VIII. The auxiliary requests define steps v) and vi) of the update procedure in more detail. Their exact wording is not pertinent to the current decision (see the corresponding part of the reasons below).
Reasons for the Decision
The application
1. The application relates to automated assessment of scripts written in examination, in particular English for Speakers of Other Languages (ESOL) examinations (paragraphs 1 to 3).
1.1 The system comprises a feature analysis module, denoted as RASP (robust accurate statistical parsing) which extracts and numerically quantifies linguistic features of text (paragraphs 52 to 56) to form a feature vector.
1.2 This feature vector is used to grade scripts on the basis of discriminative models, such as SVM or large margin perceptrons, including a variant, said to be new, called the Timed Aggregate Perceptron (TAP, see paragraph 28).

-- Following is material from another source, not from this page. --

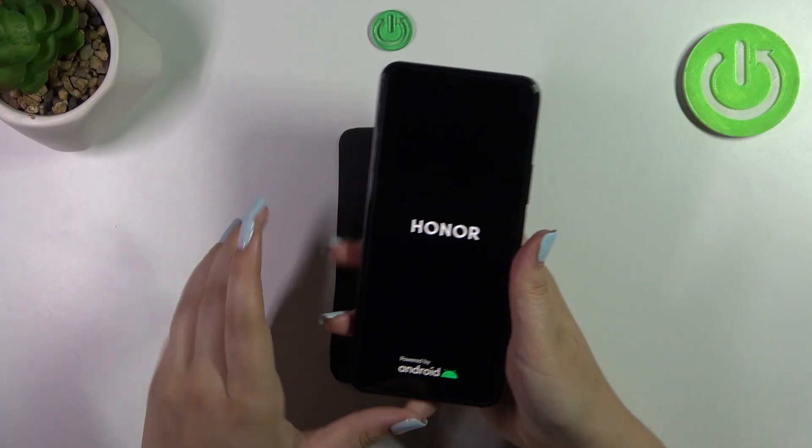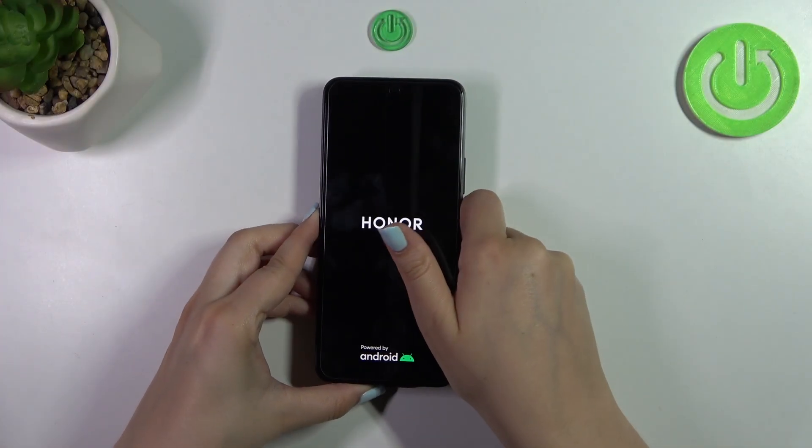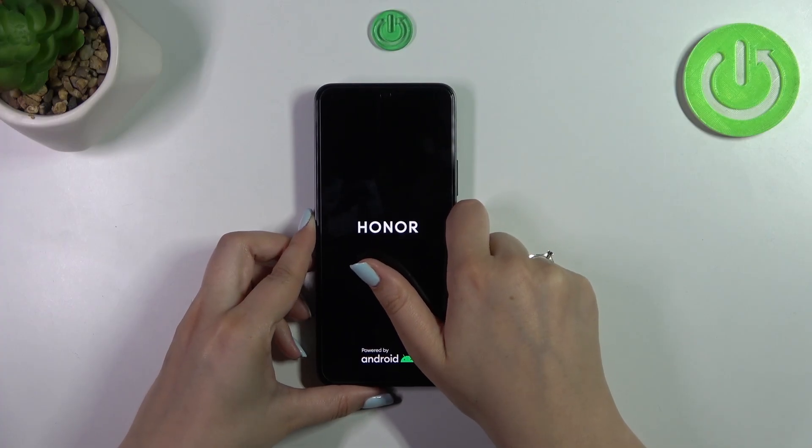We've got the developer's logo, which simply means that in a second our device will be restarted and it will get back to its normal state.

In the TAP training procedure, unlike in standard perceptron training, a timing parameter reduces the update rate as a function of how far the process has progressed, of the magnitude of the increase in empirical loss, and of the balance of the training distributions (paragraph 36). This has the role of providing an approximate solution that prevents overfitting (by early stopping).

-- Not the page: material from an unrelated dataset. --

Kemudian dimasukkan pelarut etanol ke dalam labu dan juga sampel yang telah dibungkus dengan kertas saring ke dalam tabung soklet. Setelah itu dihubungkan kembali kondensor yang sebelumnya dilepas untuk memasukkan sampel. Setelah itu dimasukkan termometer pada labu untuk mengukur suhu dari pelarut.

1.3 The application describes embodiments with binary outputs based on SVM or TAP, useful for pass/fail grading systems (paragraphs 24 to 39), and an embodiment denoted as a modification of the TAP using preference ranking (paragraphs 41 to 49).
1.4 In the latter embodiment, the perceptron's success is measured by its ability to correctly rank pairs of training samples on the basis of its scalar output; this scheme is conceptually aimed at reducing errors in relative grading (i.e. the decision which test to assign a higher score) as opposed to errors in absolute grading. The output of a perceptron is in essence the result of a dot product between the learned weight vector and the incoming sample. In the standard perceptron, to reduce the ranking errors, the weight vector is updated in the direction of the misclassified samples; in the proposed variant, the update direction is provided by the sum of the difference vectors between the samples of the misclassified pairs. This variant can be used both for binary fail/pass grading and for non-binary grading.
1.5 The application discloses performance assessments of the described methods (paragraphs 62 to 73) based on how well its results correlate with those of prior art systems and of human markers (or examiners/raters) (see Tables 4 and 5, paragraphs 63 and 71). According to those results, the preference ranking TAP model outputs grades that correlate with those provided by human markers almost as well as the human markers' grades correlate with one other. Also, the preference ranking TAP outperforms TAP on a binary task, while binary TAP and SVM outperform prior art systems.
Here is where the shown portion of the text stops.